THE DATA Start Marker

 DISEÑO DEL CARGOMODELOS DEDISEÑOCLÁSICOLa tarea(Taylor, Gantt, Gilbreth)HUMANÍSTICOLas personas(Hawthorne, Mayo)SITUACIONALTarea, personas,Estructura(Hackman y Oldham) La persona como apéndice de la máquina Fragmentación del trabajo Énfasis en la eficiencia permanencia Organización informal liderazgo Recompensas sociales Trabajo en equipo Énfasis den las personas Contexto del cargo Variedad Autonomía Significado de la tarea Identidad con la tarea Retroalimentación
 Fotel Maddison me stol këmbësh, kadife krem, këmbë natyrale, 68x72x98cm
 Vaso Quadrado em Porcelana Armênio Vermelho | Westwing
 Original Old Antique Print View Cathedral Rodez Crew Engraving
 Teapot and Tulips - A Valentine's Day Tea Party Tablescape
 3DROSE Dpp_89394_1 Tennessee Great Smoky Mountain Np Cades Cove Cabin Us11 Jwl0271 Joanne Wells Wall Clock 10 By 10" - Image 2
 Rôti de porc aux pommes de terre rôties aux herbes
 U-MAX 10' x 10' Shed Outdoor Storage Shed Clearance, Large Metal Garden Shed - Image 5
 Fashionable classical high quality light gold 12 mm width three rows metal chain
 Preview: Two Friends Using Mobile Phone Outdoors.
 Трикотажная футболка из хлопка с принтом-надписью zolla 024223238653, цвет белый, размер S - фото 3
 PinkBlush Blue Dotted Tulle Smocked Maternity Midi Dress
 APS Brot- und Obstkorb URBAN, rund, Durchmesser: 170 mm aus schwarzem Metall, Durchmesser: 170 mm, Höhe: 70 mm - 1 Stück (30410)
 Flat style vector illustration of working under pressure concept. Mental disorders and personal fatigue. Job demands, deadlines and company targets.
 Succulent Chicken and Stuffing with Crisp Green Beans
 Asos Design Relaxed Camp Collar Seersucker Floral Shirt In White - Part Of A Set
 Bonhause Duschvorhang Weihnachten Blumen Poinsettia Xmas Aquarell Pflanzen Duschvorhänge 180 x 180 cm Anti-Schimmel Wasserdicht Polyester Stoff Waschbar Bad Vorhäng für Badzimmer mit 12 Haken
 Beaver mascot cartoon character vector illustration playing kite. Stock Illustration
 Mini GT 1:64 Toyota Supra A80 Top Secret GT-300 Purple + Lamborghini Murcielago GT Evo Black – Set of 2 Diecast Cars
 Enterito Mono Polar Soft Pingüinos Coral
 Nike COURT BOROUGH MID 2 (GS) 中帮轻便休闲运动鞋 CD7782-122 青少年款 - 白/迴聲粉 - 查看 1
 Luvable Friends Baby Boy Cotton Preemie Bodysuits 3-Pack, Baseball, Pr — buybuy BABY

THE DATA End Marker

**PROBLEM TO WORK ON:**
Your answer must be the data above, copied exactly from its first line through the line containing "Teapot and Tulips", and nothing more.

**EXERCISE RESULT:**
 DISEÑO DEL CARGOMODELOS DEDISEÑOCLÁSICOLa tarea(Taylor, Gantt, Gilbreth)HUMANÍSTICOLas personas(Hawthorne, Mayo)SITUACIONALTarea, personas,Estructura(Hackman y Oldham) La persona como apéndice de la máquina Fragmentación del trabajo Énfasis en la eficiencia permanencia Organización informal liderazgo Recompensas sociales Trabajo en equipo Énfasis den las personas Contexto del cargo Variedad Autonomía Significado de la tarea Identidad con la tarea Retroalimentación
 Fotel Maddison me stol këmbësh, kadife krem, këmbë natyrale, 68x72x98cm
 Vaso Quadrado em Porcelana Armênio Vermelho | Westwing
 Original Old Antique Print View Cathedral Rodez Crew Engraving
 Teapot and Tulips - A Valentine's Day Tea Party Tablescape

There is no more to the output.